**Required action:**
Write out the entries below once more, exactly, with the pictures left out.

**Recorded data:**
☆ ☆ ☆ ☆ ☆
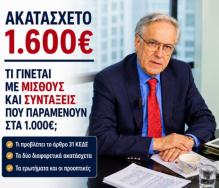 Γ. Χριστόπουλος: Η εξαγγελθείσα αύξηση του ακατάσχετου τραπεζικού λογαριασμού στα 1.600 ευρώ θέτει εύλογα την ανάγκη και της αναπροσαρμογής του ορίου των 1.000 ευρώ για μισθούς και συντάξεις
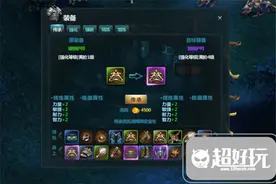 苍穹变装备系统攻略 装备系统详细玩法指南图片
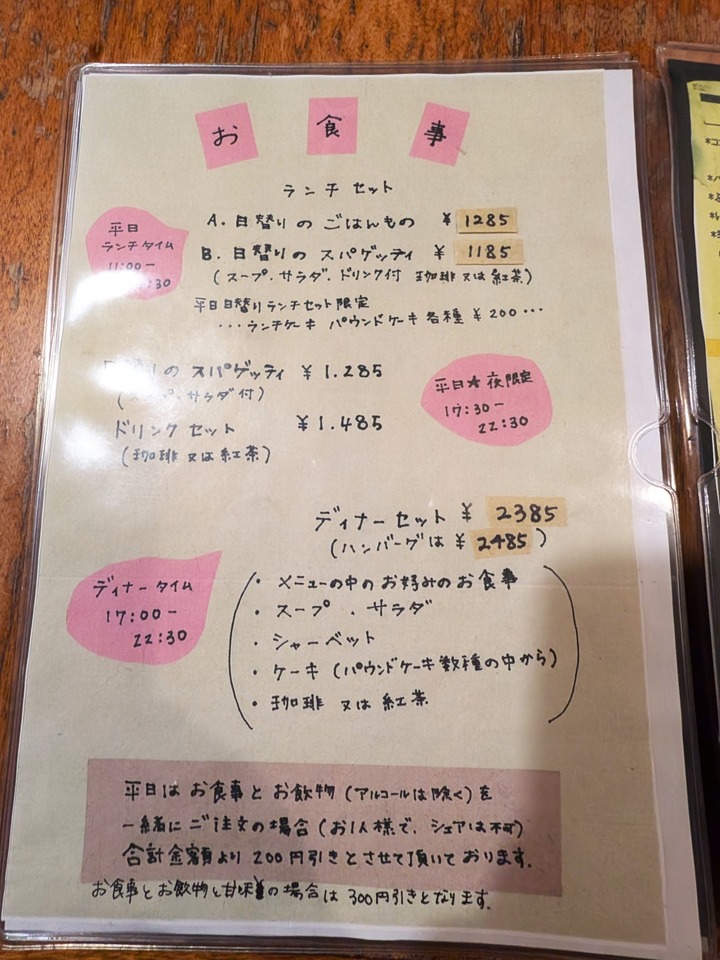 56nanatsumori043024054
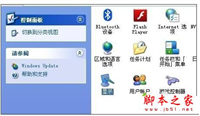 win7系统玩游戏时分辨率突然发生变化的解决方法图文教程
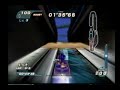 Sonic Riders: Metal City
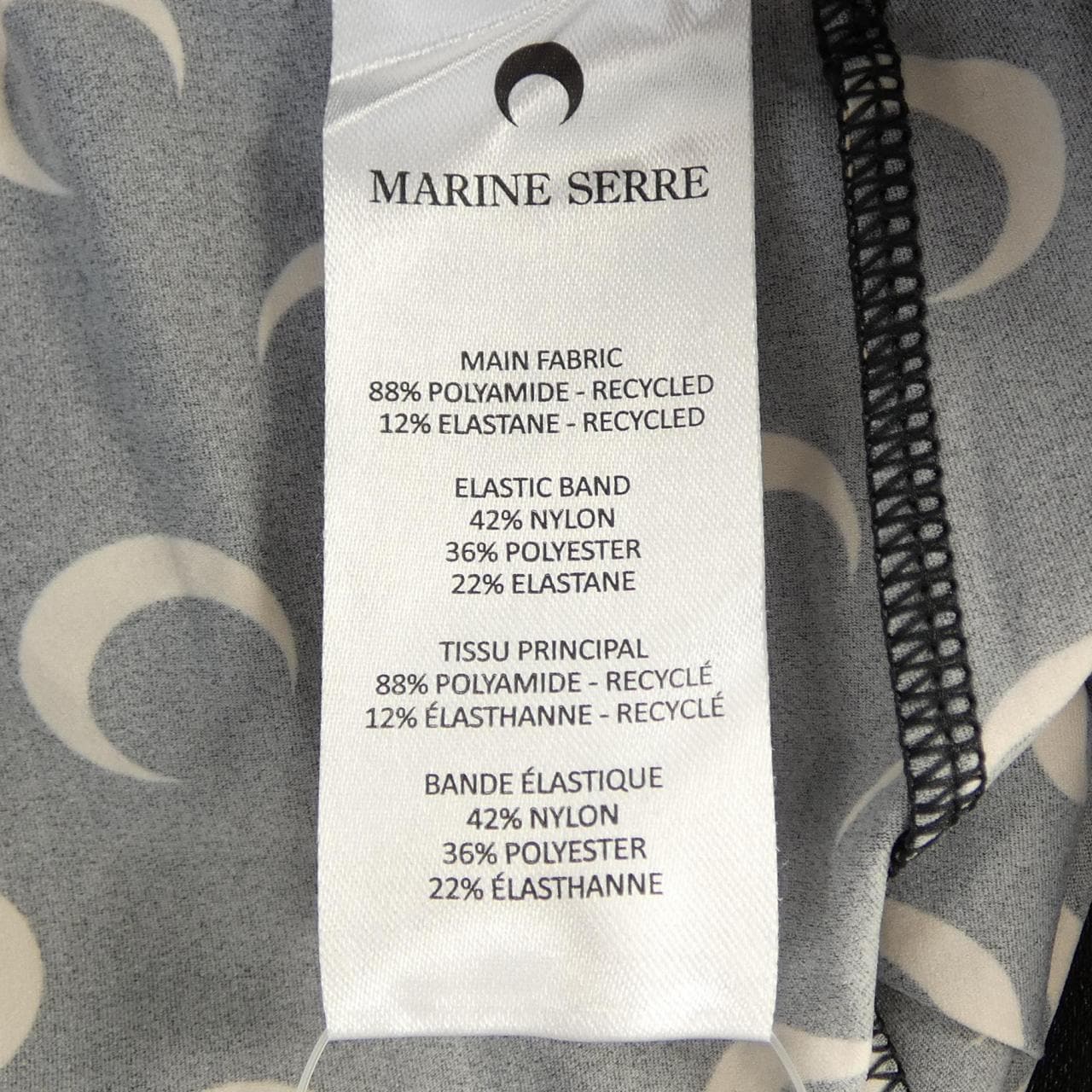 マリーンセール MARINE SERRE レギンス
☆ ☆ ☆ ☆ ☆
**Exercise response:**
 Γ. Χριστόπουλος: Η εξαγγελθείσα αύξηση του ακατάσχετου τραπεζικού λογαριασμού στα 1.600 ευρώ θέτει εύλογα την ανάγκη και της αναπροσαρμογής του ορίου των 1.000 ευρώ για μισθούς και συντάξεις
 苍穹变装备系统攻略 装备系统详细玩法指南图片
 56nanatsumori043024054
 win7系统玩游戏时分辨率突然发生变化的解决方法图文教程
 Sonic Riders: Metal City
 マリーンセール MARINE SERRE レギンス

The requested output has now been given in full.